To find the equation that describes the free current response of the system, we are going to write Kirchhoff’s Voltage Law (KVL):

$\begin{split} u(t) &= u_R (t) + u_L (t)\\ E &= R i(t) + L \frac{di(t)}{dt}\\ \end{split}$

If we replace i(t) with equation (1), we get:

$L \frac{d(i_{\text{forced}} + i_{\text{free}})}{dt} + R (i_{\text{forced}} + i_{\text{free}}) = E \tag{8}$
$L \frac{d i_{\text{forced}}}{dt} + R i_{\text{forced}} + L \frac{d i_{\text{free}}}{dt} + R i_{\text{free}}= E \tag{9}$

The forced current response is constant, which makes:

$L \frac{d i_{\text{forced}}}{dt} = 0 \tag{10}$

Also, from equation (5), we know that:

$R i_{\text{forced}} = E \tag{11}$

Replacing (10) and (11) in (9) gives:

$L \frac{d i_{\text{free}}}{dt} +R i_{\text{free}} = 0 \tag{12}$

From equation (12) we can see that the free response does not depend on the voltage source E. A solution of the differential equation could be:

$i_{\text{free}} (t) = I_{\text{free}} e^{pt} \tag{13}$

The initial value of the free response is:

$i_{\text{free}} (0) = I_{\text{free}} e^{0} =I_{\text{free}} = – \frac{E}{R} \tag{14}$

The differential of the solution (13) is:

$\frac{d i_{\text{free}}}{dt} = I_{\text{free}} p e^{pt} \tag{15}$

Replacing the solution (13) and its derivative (15) in equation (12) gives:

$L I_{\text{free}} p e^{pt} + R I_{\text{free}} e^{pt} = 0 \tag{16}$

or

$(Lp + R) I_{\text{free}} e^{pt} = 0 \tag{17}$

Since the time t is zero or positive, the term ept can not be zero.
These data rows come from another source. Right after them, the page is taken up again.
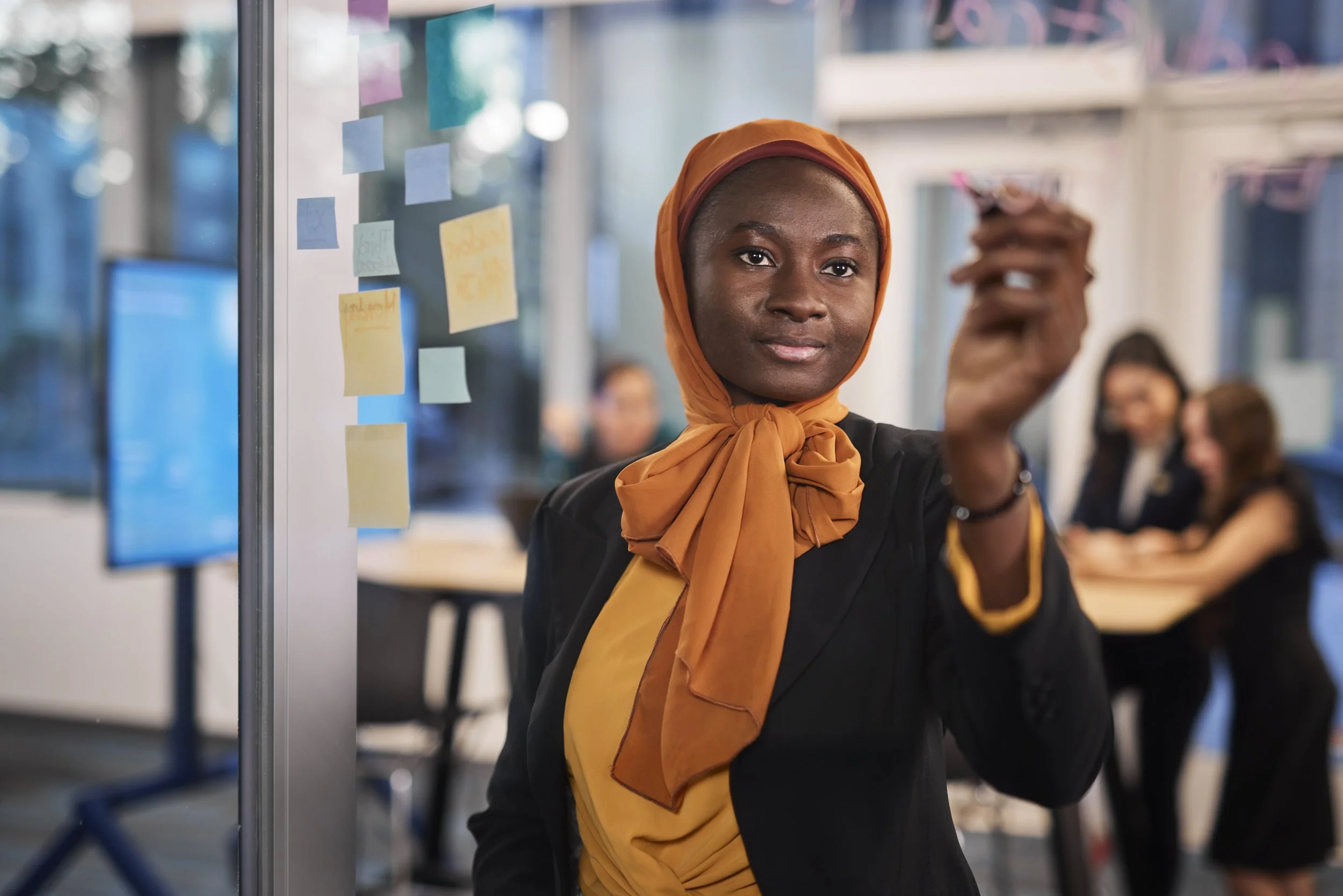 A woman in a black blazer and orange scarf tied around her neck, holding a marker, standing in front of a glass whiteboard with colorful sticky notes, in a modern office setting with other people in the background.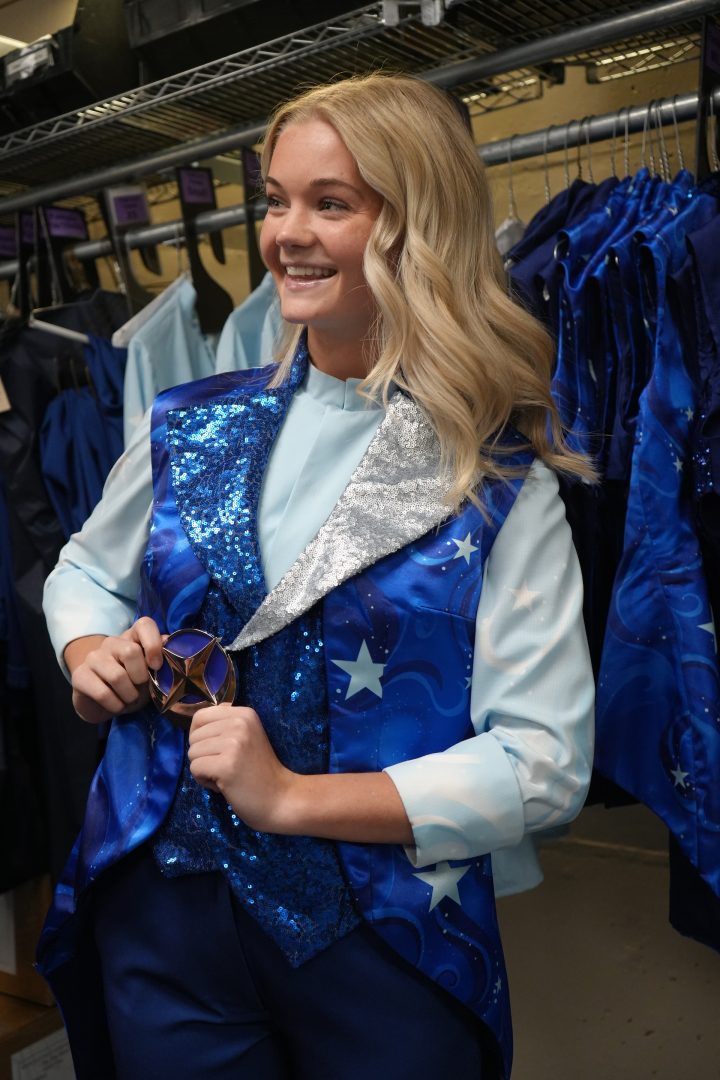 Saige, Performer trying on Disney Starlight costumes backstage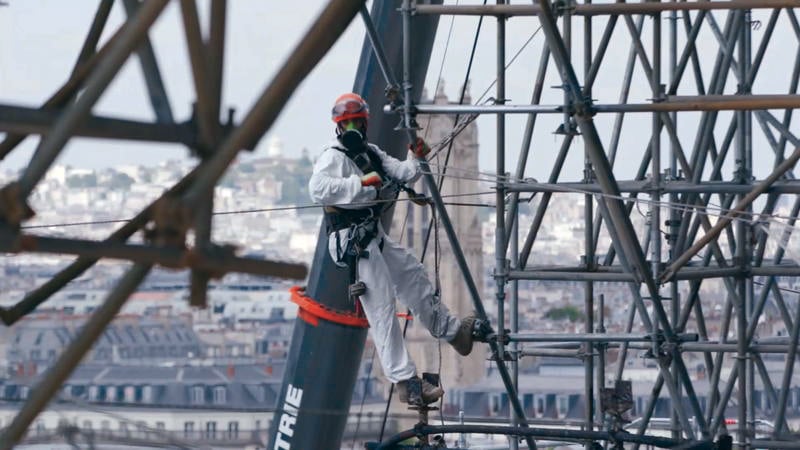 un cordiste essaye d’installer des éléments de soutien pour consolider l’échafaudage démoli par la chute de la flèche.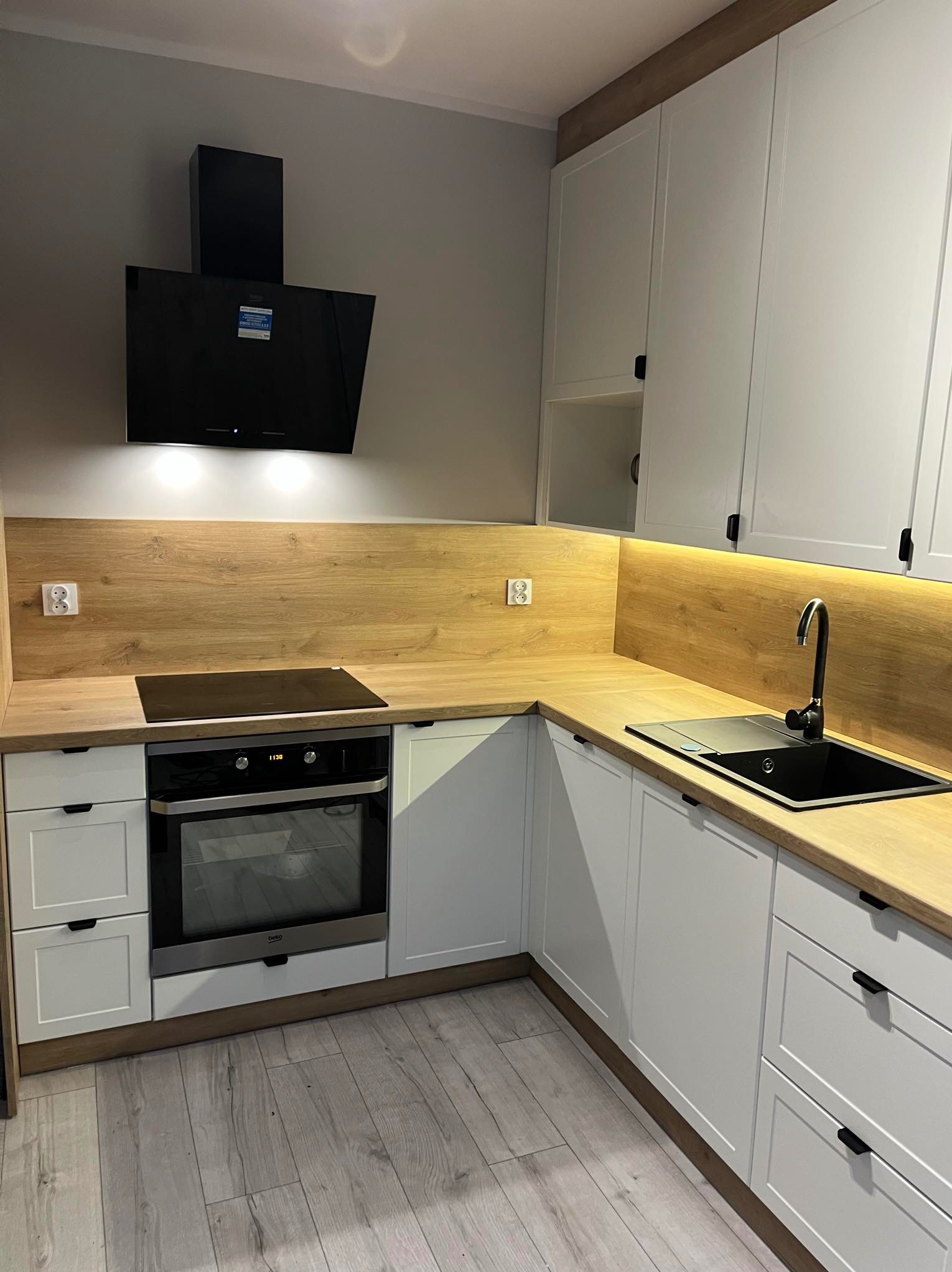 Nowoczesna kuchnia z białymi szafkami, drewnianym blatem, czarnym zlewem i okapem, oświetleniem LED pod szafkami wiszącymi i płytą indukcyjną nad piekarnikiem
This means that the only solution for the equation (17) can be found from:

$(Lp + R) = 0 \tag{18}$

The equation (18) is called the characteristic equation of the R, L elements. The solution of the equation is:

$p = – \frac{R}{L} \tag{19}$

Replacing (14) and (19) in (13) we get the general solution of the free response:

$i_{\text{free}} (t) =- \frac{E}{R} e^{- \frac{R}{L} t} \tag{20}$

The time constant T [s] of our RL circuit is given by:

$T = \frac{L}{R} \tag{21}$

The final expression of the free response is:

$\bbox[#FFFF9D]{i_{\text{free}} (t) =- \frac{E}{R} e^{- \frac{t}{T}}} \tag{22}$

Replacing equation (5) and (22) in (1) gives the combined current response of a series RL circuit for a step input:

$\bbox[#FFFF9D]{i(t) = \frac{E}{R}- \frac{E}{R} e^{- \frac{t}{T}}} \tag{23}$

In order to visualize the response of a series RL circuit, for a step voltage input, we are going to use the following Scilab script:

// Circuit parameters
E = 12;
R = 0.3;
L = 0.04;
T = L/R;
t = 0:0.01:1;

// Forced response
i_forced = E/R;

// Free and combined response
for k=1:length(t)
i_free(k) = - (E/R)*exp(-t(k)/T);
i(k) = i_forced + i_free(k);
end

// Plot of the current response at step input voltage
plot(t,ones(1,length(t))*i_forced), xgrid()
ha=gca();
ha.data_bounds=[min(t),min(i_free);max(t),i_forced+10];
plot(t,i_free,'r')
plot(t,i,'m')
legend('i_forced','i_free','i = i_forced + i_free',4)
xlabel('t [s]','FontSize',2)
ylabel('i [A]','FontSize',2)

By running the above instruction is a Scilab script file (*.sce), we get the following graphical window:

Image: RL series circuit – forced, free and combined current response

As expected, the combined current response i is made up from the superposition of the forced iforced and free ifree current responses.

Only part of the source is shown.